ECLI:NL:GHSHE:2022:4455

Gerechtshof 's-Hertogenbosch

Datum uitspraak
8 december 2022
Publicatiedatum
8 december 2022
Zaaknummer
200.317.772_01
Instantie
Gerechtshof 's-Hertogenbosch
Type
Uitspraak
Rechtsgebied
Civiel recht
Procedures
  • Hoger beroep
Vindplaatsen
  • Rechtspraak.nl
AI samenvatting door LexboostAutomatisch gegenereerd

Homologatie van het akkoord in faillissement van de appellant

In deze zaak heeft het Gerechtshof 's-Hertogenbosch op 8 december 2022 uitspraak gedaan in hoger beroep over de homologatie van een akkoord in het faillissement van de appellant. De rechtbank Limburg had op 17 oktober 2022 de homologatie van het akkoord geweigerd, omdat de curator had aangegeven dat de gelden voor het akkoord niet op zijn derdengeldenrekening waren bijgeschreven, waardoor de nakoming van het akkoord niet voldoende gewaarborgd zou zijn. De appellant, bijgestaan door zijn advocaat mr. J.A.M. Kuijlaars, heeft in hoger beroep aangevoerd dat de akkoordsom van € 60.000,00 al vóór de verificatievergadering op 8 februari 2022 was gestort op de derdengeldenrekening van zijn advocaat, Trust Advocaten. De curator heeft bevestigd dat de crediteuren op de hoogte zijn gesteld van de zitting, maar geen van hen is verschenen.
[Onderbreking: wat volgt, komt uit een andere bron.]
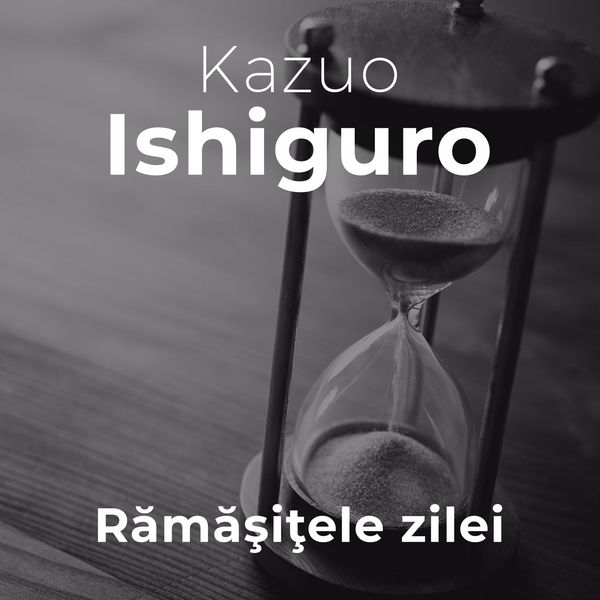 Produktbild: Rămășițele zilei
Tijdens de mondelinge behandeling op 23 november 2022 heeft het hof kennisgenomen van de relevante stukken, waaronder het proces-verbaal van de zitting van 17 oktober 2022 en de betalingsbewijzen van de akkoordsom. Het hof heeft vastgesteld dat op 17 oktober 2022, na de beschikking van de rechtbank, het bedrag van € 60.000,00 op de derdengeldenrekening van de curator is gestort. Het hof oordeelde dat de eerdere weigeringsgrond van de rechtbank, namelijk dat de nakoming van het akkoord niet voldoende was gewaarborgd, niet meer aan de orde was. Het hof heeft geconcludeerd dat er geen andere weigeringsgronden aanwezig waren en heeft de homologatie van het akkoord alsnog toegestaan.
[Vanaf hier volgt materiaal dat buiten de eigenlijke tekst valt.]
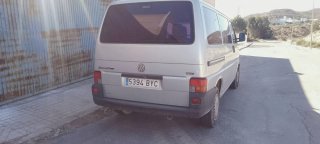 Volkswagen Eurovan 2002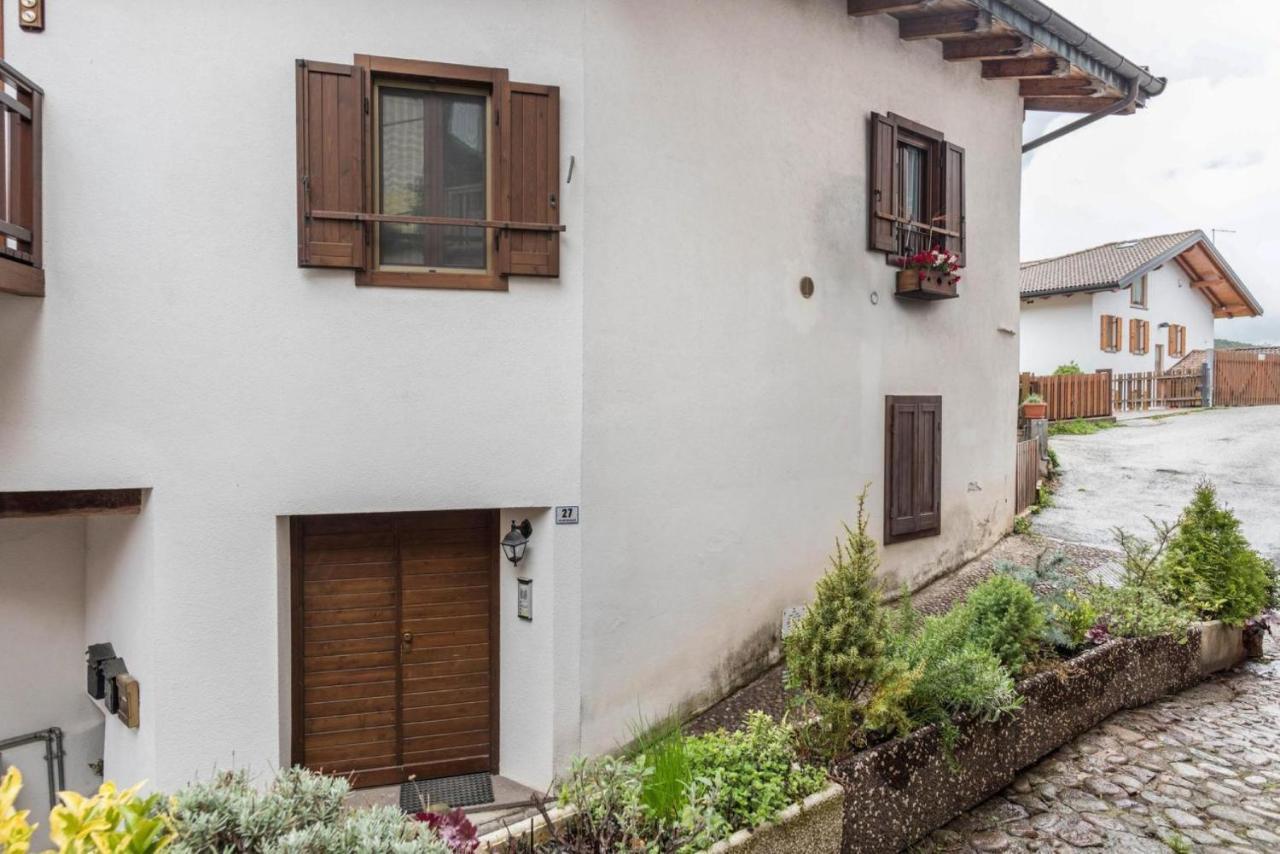 Loft Della Perpetua Di Casa Bernardi, Fuga Romantica Petfriendly Montagnaga  Eksteriør bilde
De uitspraak van het hof vernietigt de eerdere beschikking van de rechtbank en homologeert het door de appellant aangeboden akkoord, waarmee de belangen van de schuldeisers zijn gewaarborgd. Het salaris van de curator wordt niet door het hof vastgesteld, aangezien dit al op andere wijze is geregeld.

Uitspraak

GERECHTSHOF ’s-HERTOGENBOSCH

Team Handelsrecht
Uitspraak : 8 december 2022
Zaaknummer : 200.317.772/01
Faillissementsnummer : [insolventienummer]
in de zaak in hoger beroep van:
[appellant],
wonend te [woonplaats] ,
appellant,
hierna te noemen: [appellant] ,
advocaat: mr. J.A.M. Kuijlaars te Helmond.
belanghebbende:
[curator],
in zijn hoedanigheid van curator in het faillissement van [appellant] ,
hierna te noemen: de curator,
kantoorhoudende te [kantoorplaats] .

1.Het geding in eerste aanleg

Het hof verwijst naar de beschikking van de rechtbank Limburg, zittingsplaats Roermond, van 17 oktober 2022 tot homologatie van het aangenomen akkoord in het faillissement van [appellant] .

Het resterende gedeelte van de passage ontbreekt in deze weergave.